I think it's very hard to run a service by yourself of this magnitude reliably, but I'd always take a 99.9% availability daily backup service that runs right at SLO over one that's down for a day once in a blue moon.

Also, parent is talking about ingestion. If your backups aren't configured well and the backup process fails, then your backup may not end up durable.

I also don't think your definition of reliable is generally recognized, which I'd generally call durability. I wouldn't say the scenario above is a durability failure, but an example of the consequences of poor availability.

> I think it's very hard to run a service by yourself of this magnitude reliably, but I'd always take a 99.9% availability daily backup service that runs right at SLO over one that's down for a day once in a blue moon.

That's a fallacy right there. Your assumption should be that any service you rely on will be down once in a blue moon, and possibly for a day or even longer.

> Also, parent is talking about ingestion. If your backups aren't configured well and the backup process fails, then your backup may not end up durable.

Yes, indeed, you need to do your work and you don't get to point at others for not doing it right.

> I also don't think your definition of reliable is generally recognized, which I'd generally call durability.

Reliability, durability and availability are all industry terms and have very clear definitions. These are not the same definitions that you would use in ordinary conversation with laypeople but when we're talking shop those are definitely allowed.

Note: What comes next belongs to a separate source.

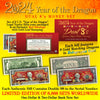 2024 YEAR OF THE DRAGON $1 & $2 Lunar New Year Set - DUAL 8’s GOLD DRAGONS in Red Envelope Ltd. 8,888 Sets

> I wouldn't say the scenario above is a durability failure, but an example of the consequences of poor availability.

No, it is a consequence of poor engineering on the part of the user of the service, and is a completely different issue. You engineer your service to ensure that your assumptions hold true and if you fail at doing that your service will fail. When is then only a matter of time and combination of circumstances, but fail it will.

> No, it is a consequence of poor engineering on the part of the user of the service,

The entire service going down for 24 hours due to a reboot is not a consequence of poor engineering on the part of the user. A production service which people rely on for critical data failing on the _textbook_ example of running a live service is poor engineering on the services part.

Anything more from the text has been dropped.